Supprimer le poste de Premier ministre répond souvent à trois ordres :

– La légitimation de son pouvoir

– La liquidation des barrons et dignitaires, membres fondateurs de son parti

– Le choix de son propre successeur

Ce procédé est souvent dissimulé sous le fallacieux prétexte de rapprocher l’administration des administrés, mais nous verrons qu’il n’est nullement en rapport avec une quelconque rationalité économique ou d’efficacité dans l’exécution de la mission au vu des résultats et performances économiques médiocres qui ont toujours suivi. Le Premier ministre, dans son allocution, parle «de mieux d’Etat et de plus d’impact pour nous les citoyens». La similitude ne laisse aucun doute avec le régime présidentiel de Senghor sans Premier ministre de 1963 à 1970, qui répondait plus à un souci de légitimation de son pouvoir, à travers la purge des barons du Bds et membre fondateur de l’Ups, après les évènements de 1962 et la dualité avec Mamadou Dia.

De 1963 à 1968, période sans Premier ministre, le régime avait tenté de contrôler et d’anéantir l’opposition au sein de son parti en emprisonnant Mamadou Dia, Valdiodio Ndiaye, Ibrahima Sarr, Joseph Mbaye etc. Le discours de Senghor ne laissait pas la place a un besoin de rationalisation économique et d’efficacité administrative : «A vrai dire, les structures de notre Etat, notre constitution, sont plus, responsables de cette douloureuse affaire que le caractère des hommes quoi qu’on dise. La fin d’une collaboration de dix-sept ans prouve qu’en Afrique, pour le moment l’exécutif bicéphale est impossible» (Senghor 1963). Plus tard, il choisira son successeur par une subtile dévolution institutionnelle avec Abdou Diouf en 1980.
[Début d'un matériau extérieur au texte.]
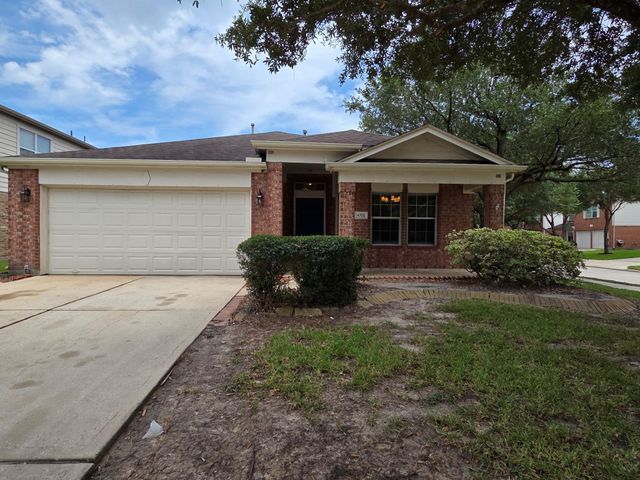 4702 Pin Oak Creek Lane, Kingwood, TX 77345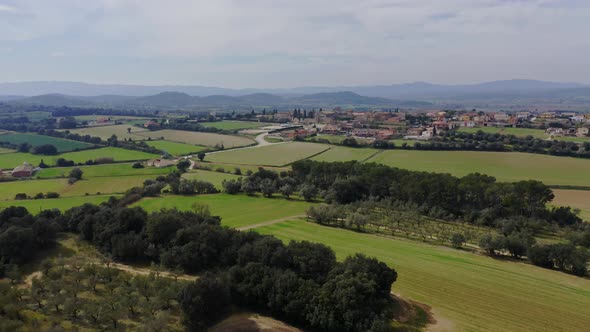 Drone shot of Catalan natural splendor in full glory with a lovely Ullastret cityscape.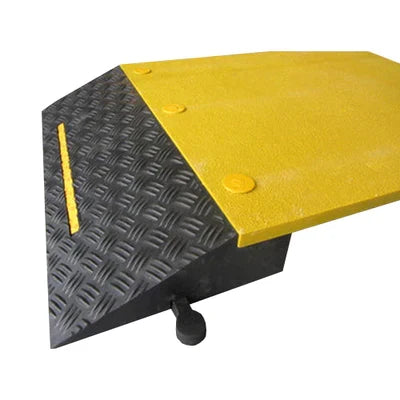 Corner close-up of the black chequer-plate slope, yellow marker line and yellow top plate with round bolt heads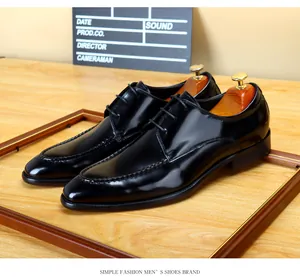 Macro view of glossy black patent leather men's formal shoes with lace-up detail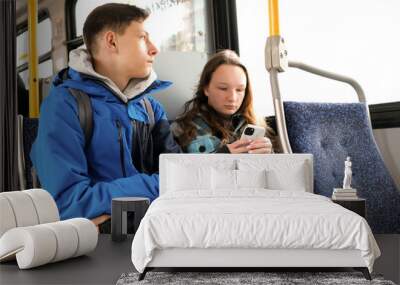 two teenagers in blue clothes sit on bus Canada Vancouver hoods autumn winter spring tracksuits use a mobile phone search for geolocation travel travelers real life Wall mural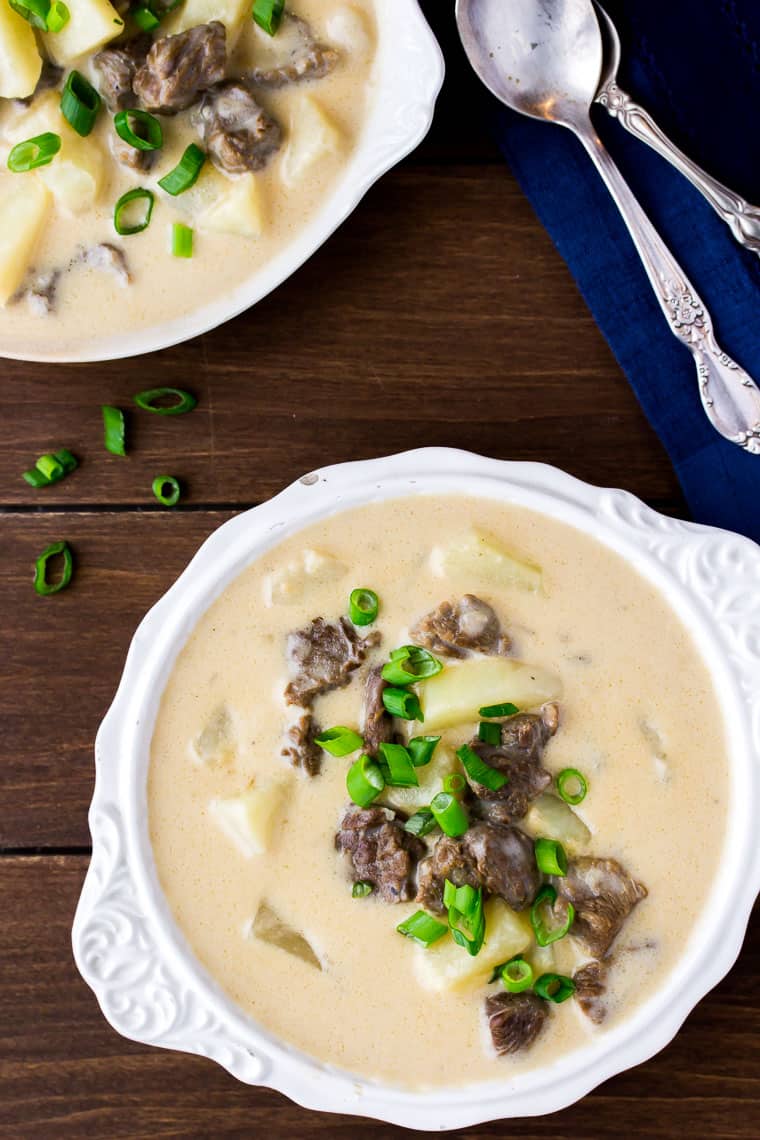 An overhead view of two bowls of Creamy Steak and Potato Soup topped with slices of green onion with a dark blue napkin and 2 spoons on a wood background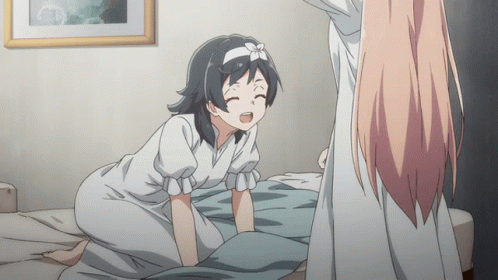 A Girl With A Flower On Her Head Is Kneeling On A Bed Next To Another Girl GIF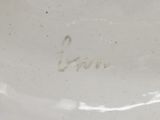 a close up of a white plate with writing on it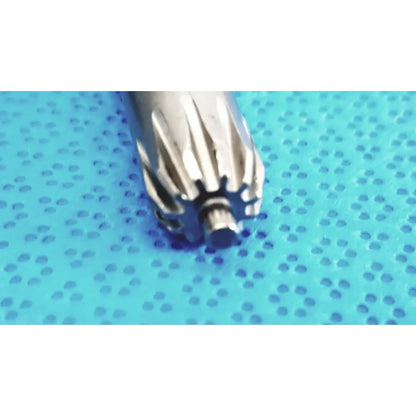 Silver metallic orthopedic drill chuck key with machined teeth and central shaft compatible with 3.8mm and 3.2mm pin holes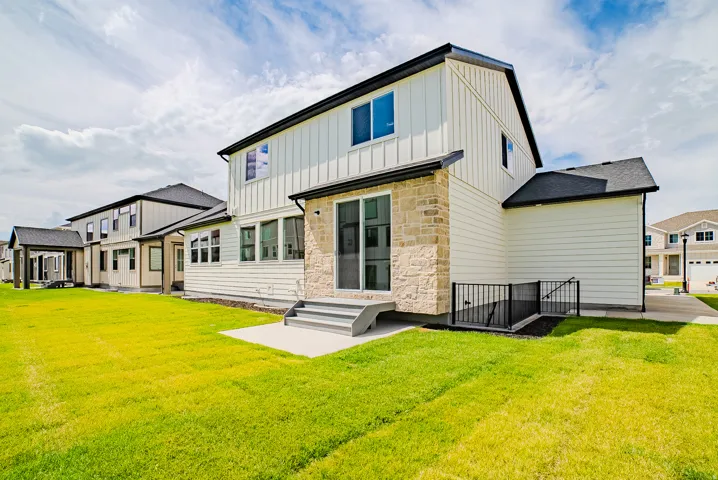Exterior architecture featuring vertical and horizontal siding with stone accents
La suppression du poste de Premier ministre en 1984, répondait aussi à une logique de légitimation politique après le coup d’Etat institutionnel de 1980. Avec le retrait de Senghor, le président Abdou Diouf sentait alors qu’il était temps d’asseoir son autorité sur les siens. Avec l’aide de Jean Collin, le secrétaire général du Ps n’avait eu aucun mal en 1984 à s’autoproclamer secrétaire national du parti et à imposer des hommes qui lui étaient dévoués. Il expliquait dans ce sens, qu’il désirait de meilleures relations entre le Ps et sa base et qu’il souhaitait écarter les personnes qui bloquent ses projets d’ouverture. Parmi les barons écartés du Ps de Senghor figuraient Amadou Cissé Dia, Maguette Lô, Alioune Badara Mbengue, André Guillabert, Assane Seck.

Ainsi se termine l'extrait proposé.